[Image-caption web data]
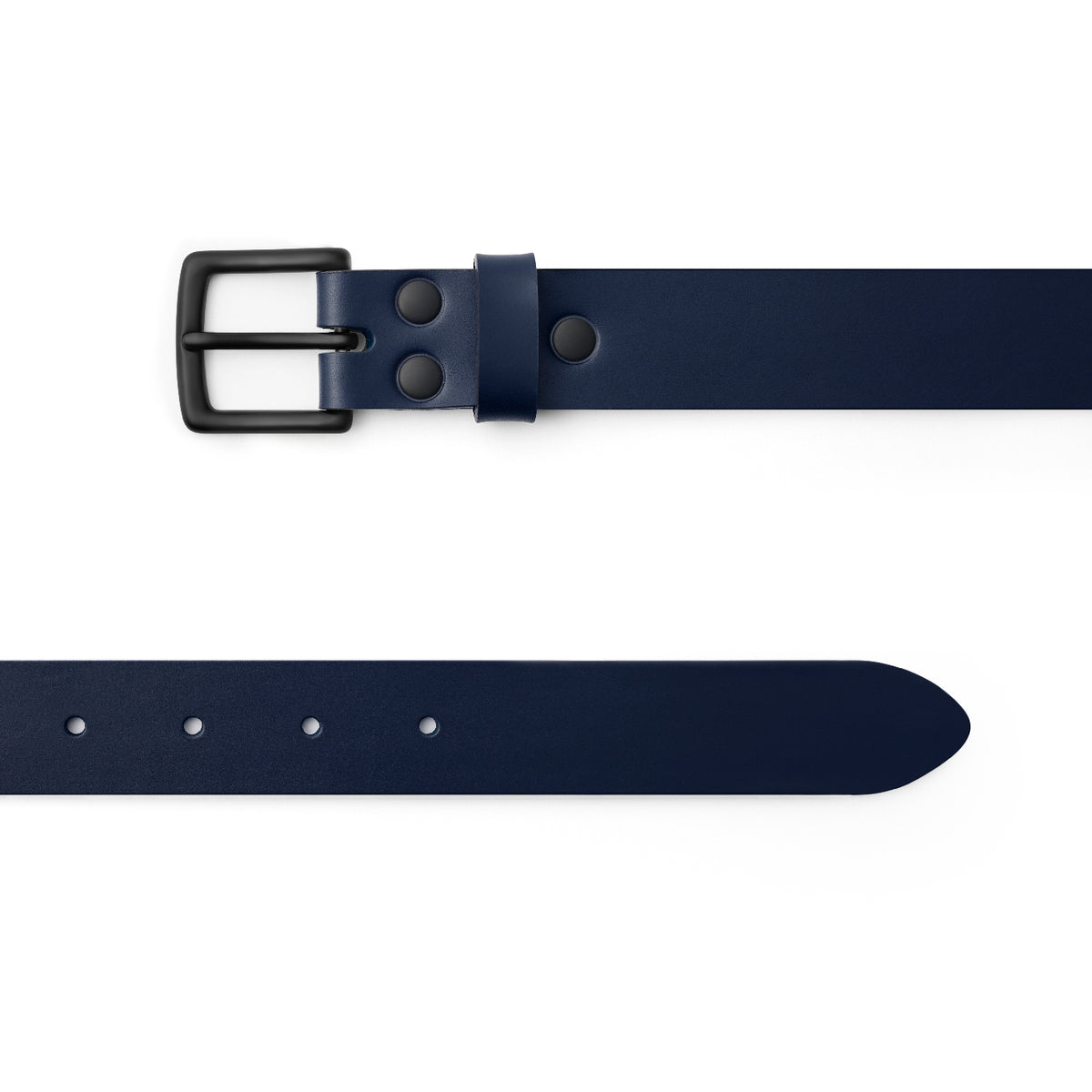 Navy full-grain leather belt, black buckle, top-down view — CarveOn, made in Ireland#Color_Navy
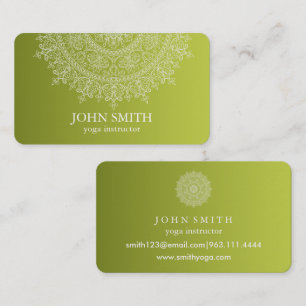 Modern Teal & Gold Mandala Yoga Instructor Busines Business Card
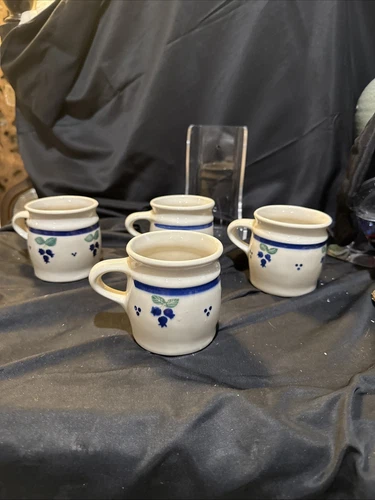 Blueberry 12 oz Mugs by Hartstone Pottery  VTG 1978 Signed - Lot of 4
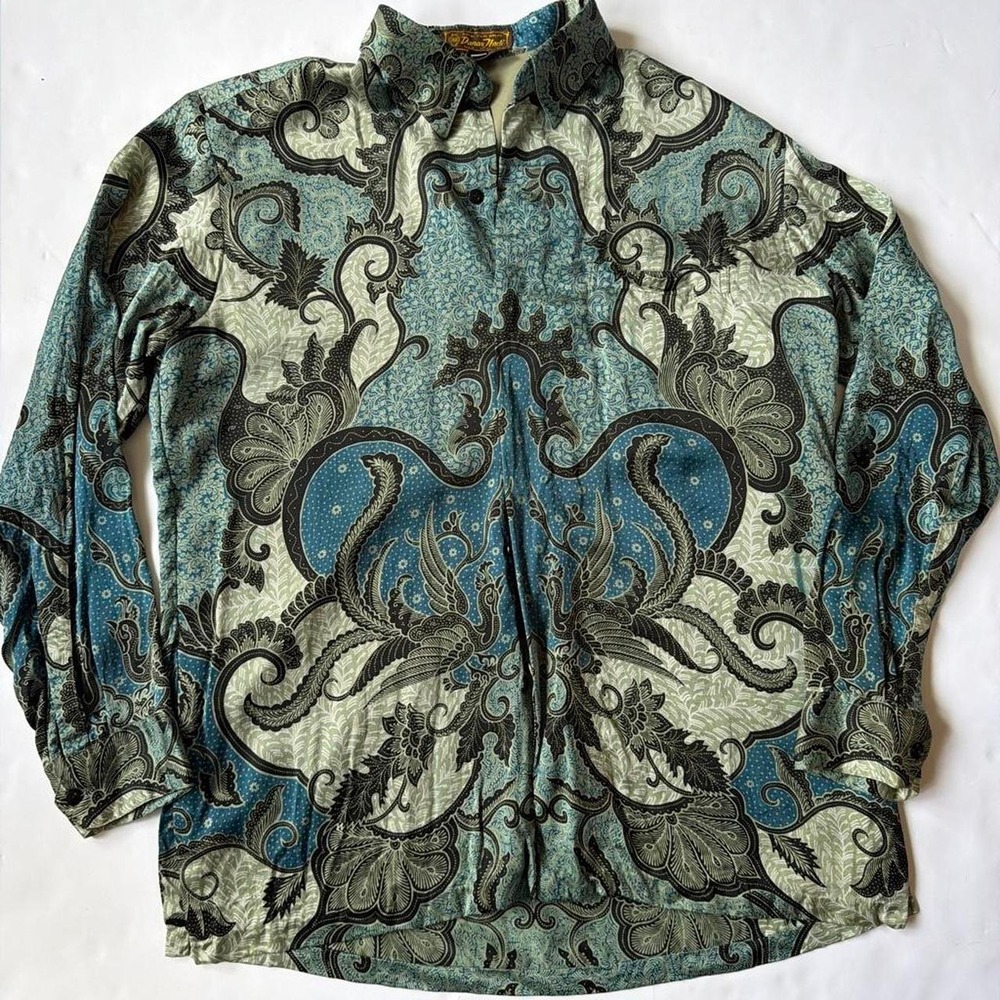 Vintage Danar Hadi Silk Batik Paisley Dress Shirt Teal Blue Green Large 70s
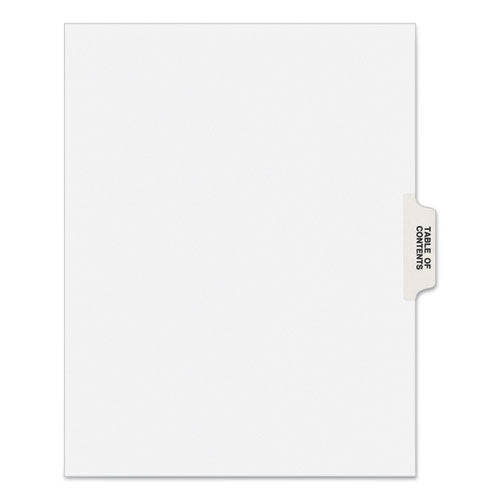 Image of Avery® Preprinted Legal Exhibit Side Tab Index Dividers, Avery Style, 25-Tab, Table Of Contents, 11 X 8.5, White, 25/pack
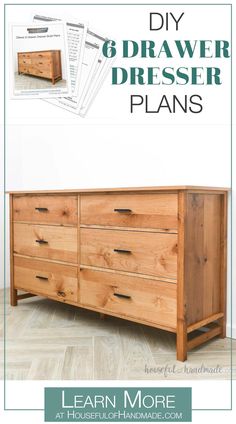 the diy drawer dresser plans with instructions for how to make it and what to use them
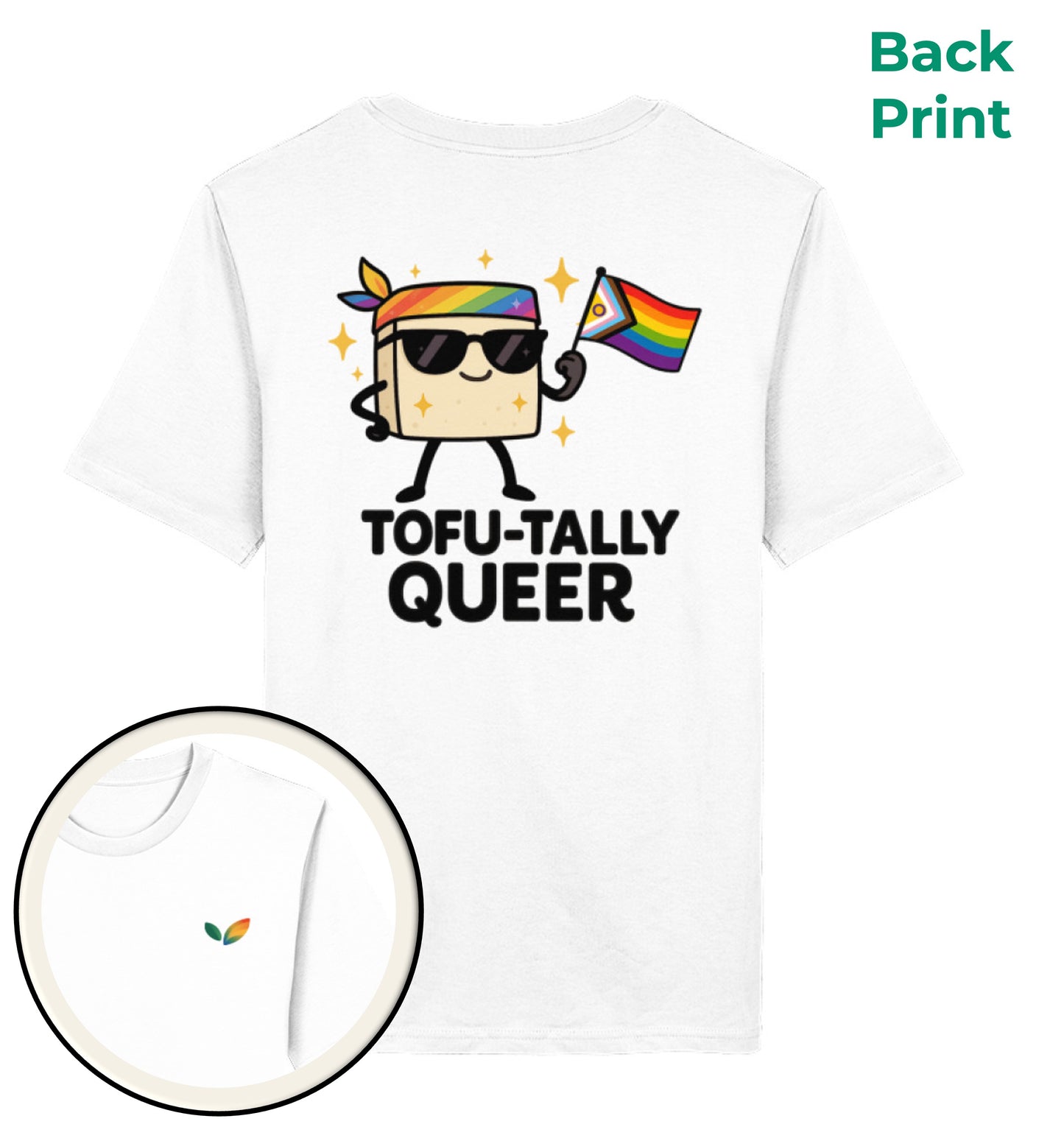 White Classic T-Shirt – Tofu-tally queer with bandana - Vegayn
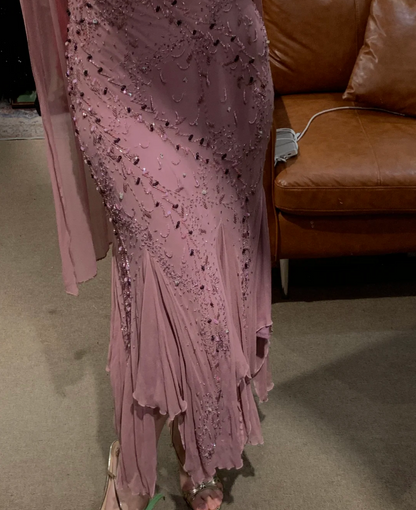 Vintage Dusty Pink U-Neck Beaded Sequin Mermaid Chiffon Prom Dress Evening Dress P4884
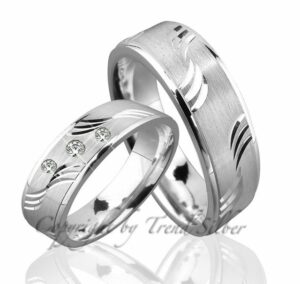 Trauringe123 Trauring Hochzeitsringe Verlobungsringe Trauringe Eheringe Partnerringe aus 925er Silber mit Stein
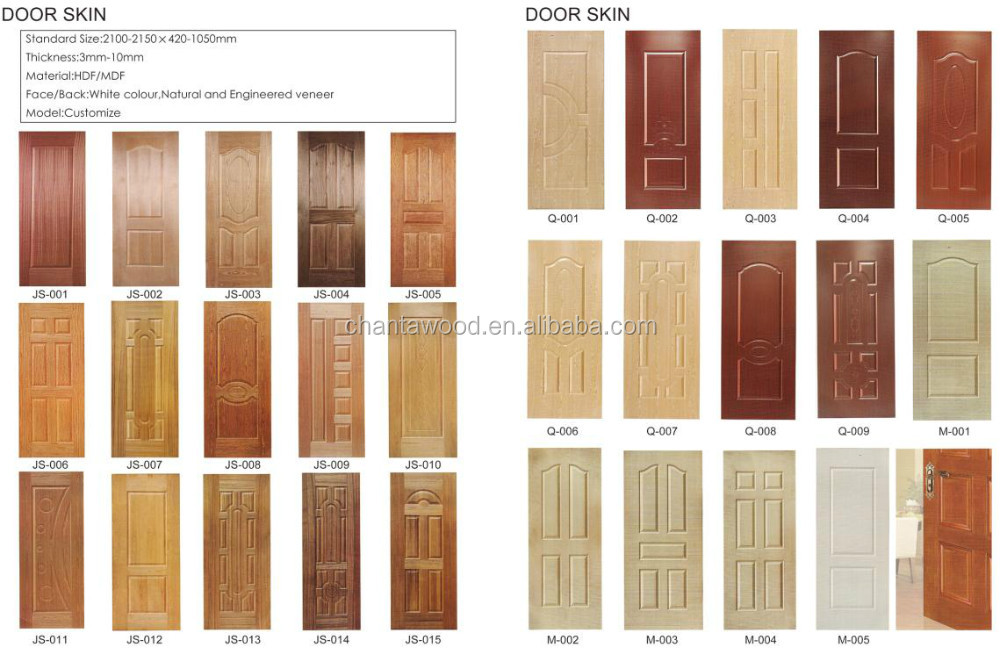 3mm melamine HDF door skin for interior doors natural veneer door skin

> TASK PROMPT
Text only, pictures out: give every record again as written.

> WRITTEN SOLUTION
 Navy full-grain leather belt, black buckle, top-down view — CarveOn, made in Ireland#Color_Navy
 Modern Teal & Gold Mandala Yoga Instructor Busines Business Card
 Blueberry 12 oz Mugs by Hartstone Pottery  VTG 1978 Signed - Lot of 4
 Vintage Danar Hadi Silk Batik Paisley Dress Shirt Teal Blue Green Large 70s
 Image of Avery® Preprinted Legal Exhibit Side Tab Index Dividers, Avery Style, 25-Tab, Table Of Contents, 11 X 8.5, White, 25/pack
 the diy drawer dresser plans with instructions for how to make it and what to use them
 White Classic T-Shirt – Tofu-tally queer with bandana - Vegayn
 Vintage Dusty Pink U-Neck Beaded Sequin Mermaid Chiffon Prom Dress Evening Dress P4884
 Trauringe123 Trauring Hochzeitsringe Verlobungsringe Trauringe Eheringe Partnerringe aus 925er Silber mit Stein
 3mm melamine HDF door skin for interior doors natural veneer door skin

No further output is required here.